→ **ACTION ITEM**: Reproduce exactly the span of lines beginning at the one with "this 708×399 image." and ending at the last line of the data below, omitting pictures.

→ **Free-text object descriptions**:
▬▬▬

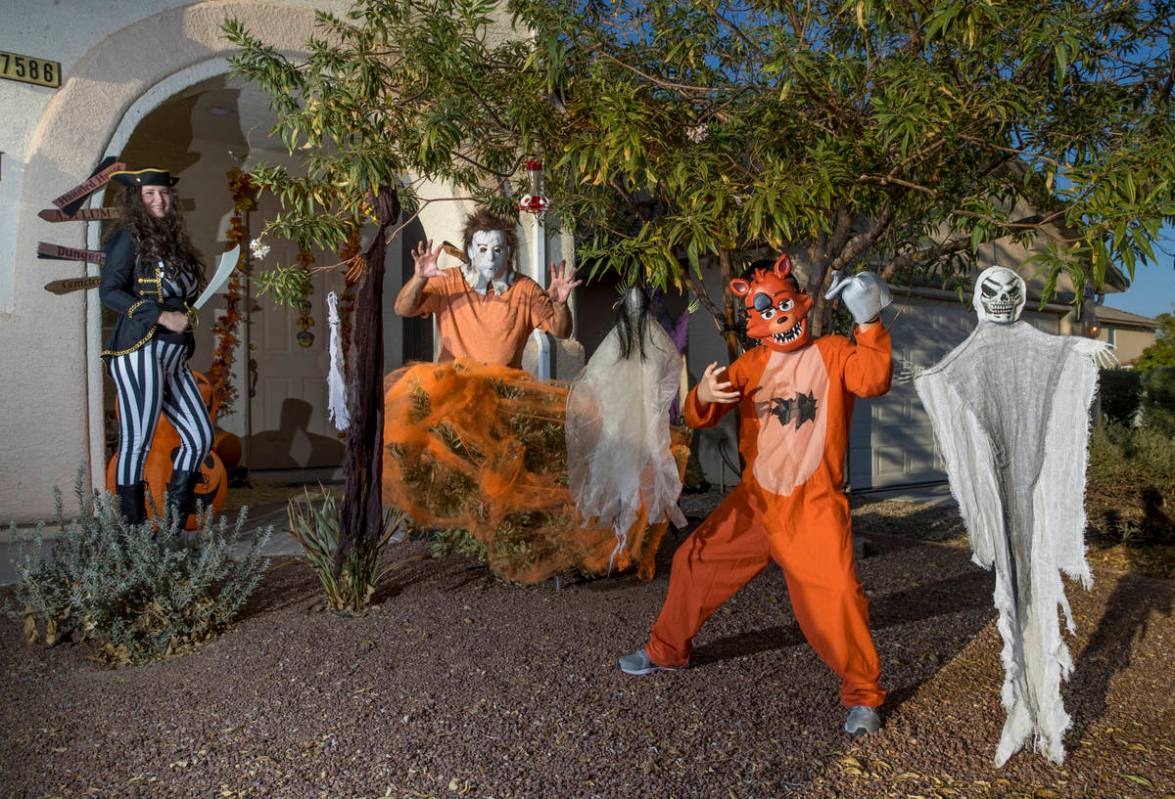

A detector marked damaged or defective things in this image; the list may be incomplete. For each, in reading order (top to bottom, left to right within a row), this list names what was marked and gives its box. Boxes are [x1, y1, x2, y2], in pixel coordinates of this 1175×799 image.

tattered white fabric [326, 291, 347, 434]
tattered white fabric [566, 307, 686, 564]
tattered white fabric [916, 321, 1109, 766]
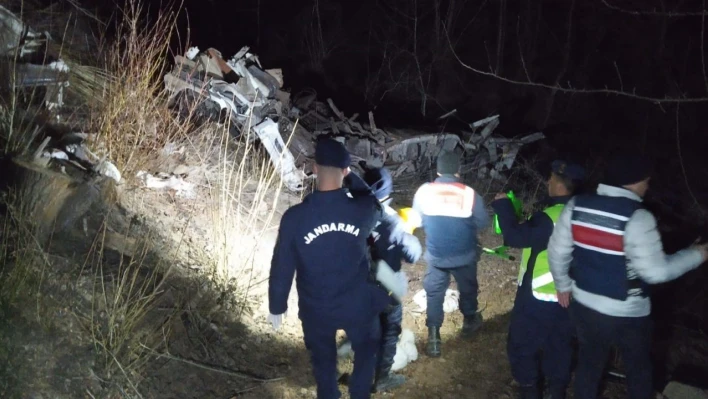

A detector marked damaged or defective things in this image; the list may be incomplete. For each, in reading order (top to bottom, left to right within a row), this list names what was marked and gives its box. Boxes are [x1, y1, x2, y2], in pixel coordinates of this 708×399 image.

crushed vehicle [163, 47, 544, 192]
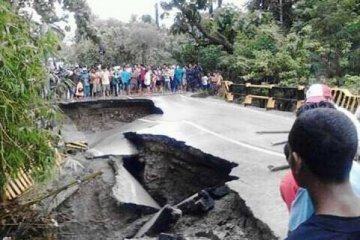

▬▬▬

→ **ANSWER SECTION**:
A detector marked damaged or defective things in this image; the list may be incomplete. For each, in reading order (top to bottom, left to right within a row), this list names what was marked and gives its box. Boxes are [x1, y1, x2, y2], in pixel coordinates of this 708×399 image.

crushed vehicle [163, 47, 544, 192]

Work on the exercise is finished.